Qatar's energy minister and its chief Opec envoy Mohammed Saleh Al-Sada has called for oil productions cuts instituted by 11 non-Opec producers in concert with Opec to be extended beyond June.

The historic agreement, a first of its kind in 15 years, was inked by both sets of producers in December 2016. It was designed to take almost 1.8m barrels per day (bpd) of crude oil production offline and is due to expire towards the end of June.

However, speaking at the Qatar-UK Business and Investment Forum in London on Monday (27 March), Al-Sada said the agreement should be extended "beyond the third quarter of 2017" for the crude market stockpile overhang to ease.

"Opec and non-Opec producers are trying to stabilise both the supply and demand balance, as well as the stockpile overhang. Opec has complied by up to 96% of the cuts it promised, while non-Opec compliance is almost at 65%; this is unprecedented.

"Of course, the demand side depends on macroeconomic factors beyond our control. I feel it is the stockpile overhang, in the region of 285 million barrels, which needs to be taken away; only then can the market be fully balanced."

Al-Sada opined that he would "like Opec cuts to continue" so that the market can be rebalanced. "If the cuts are extended, we should get that sense of balance around the third quarter of 2017."

Last month, Al-Sada hinted that he would like an extension to the cuts, but the latest remarks are his first official comments on his proposed direction of travel. It comes as oil benchmarks continue to slide in the face of rising US crude production, with the West Texas Intermediate having fallen below $50 for the first time in 2017.
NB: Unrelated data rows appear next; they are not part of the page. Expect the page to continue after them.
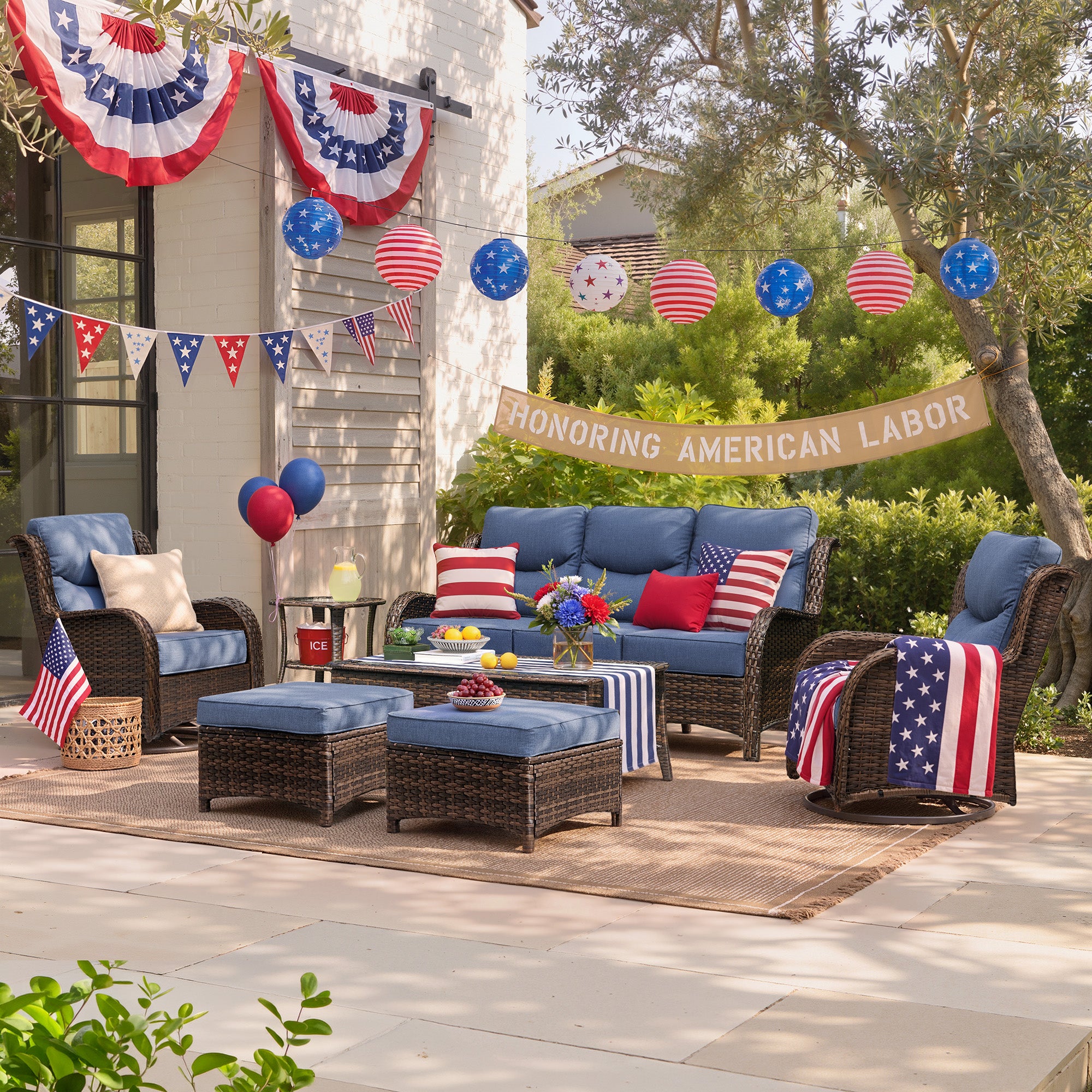 Hawthorne 9 Piece All Weather Outdoor Wicker Furniture Set With Removable Black Covers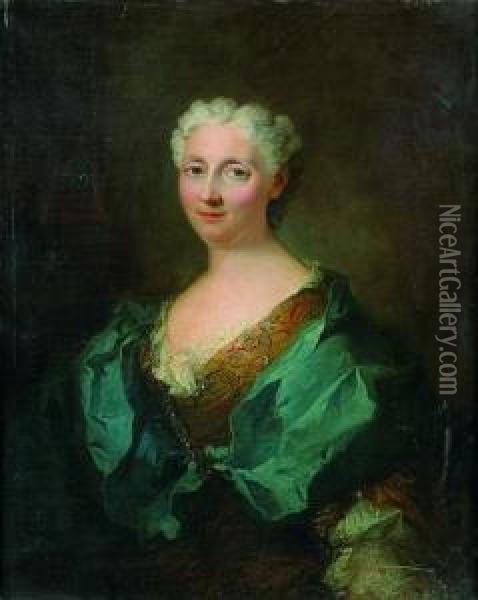 Portrait De Catherine Nicole Gruyer Oil Painting - Robert Tournieres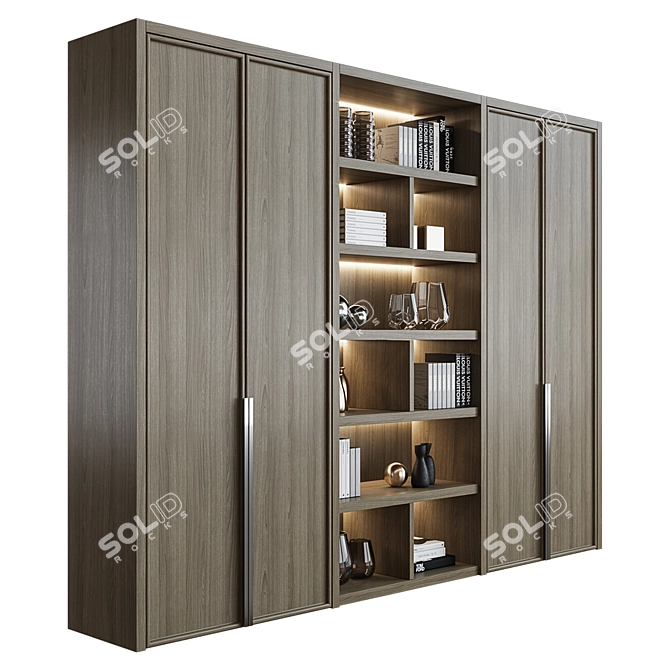 Sleek Lit Cupboard with Shelves 3D model image 1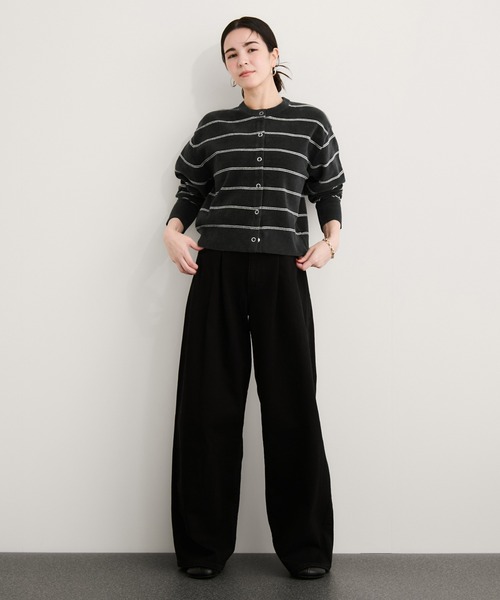 Healthknit(ヘルスニット)の「【Healthknit/ヘルスニット】Silky Mole Knit Cardigan/セットアップ対応(カーディガン/ボレロ・レディース・ブラウン系その他2/チャコールグレー/キナリ・FREE)」の4枚目の写真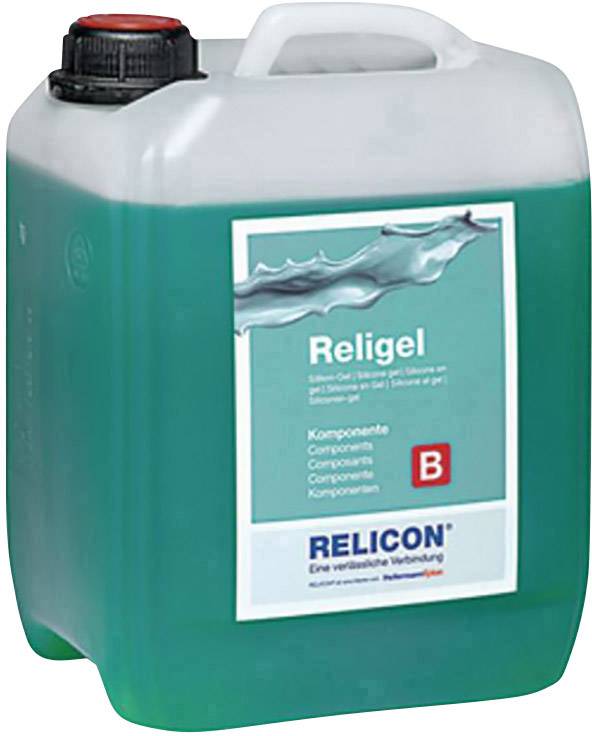 A container of green liquid, label showing 'Religel Component B', brand 'Relicon'. Used for electrical connections.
At 3:32pm BST, the Brent front month futures contract was down 1.38% or 71 cents to $50.10 per barrel, while the WTI was down 1.69% or 81 cents to $47.16 per barrel.

Analysts at Vienna-based JBC Energy said, despite Al-Sada's comments, the current ability of individual producers to provide price support – with cuts currently in place – is limited unless a more collective statement is made by major producers.

"Many would like a continuation of the cuts by next month, although the market is only likely to learn for sure what the decision will be at the next Opec meeting in Vienna on 25 May. A primary concern remains how long Opec and other oil producers will be willing to support growth in US shale production. For stable – or higher – oil prices to materialise, each barrel produced in the US would in theory need to be offset by lower production elsewhere."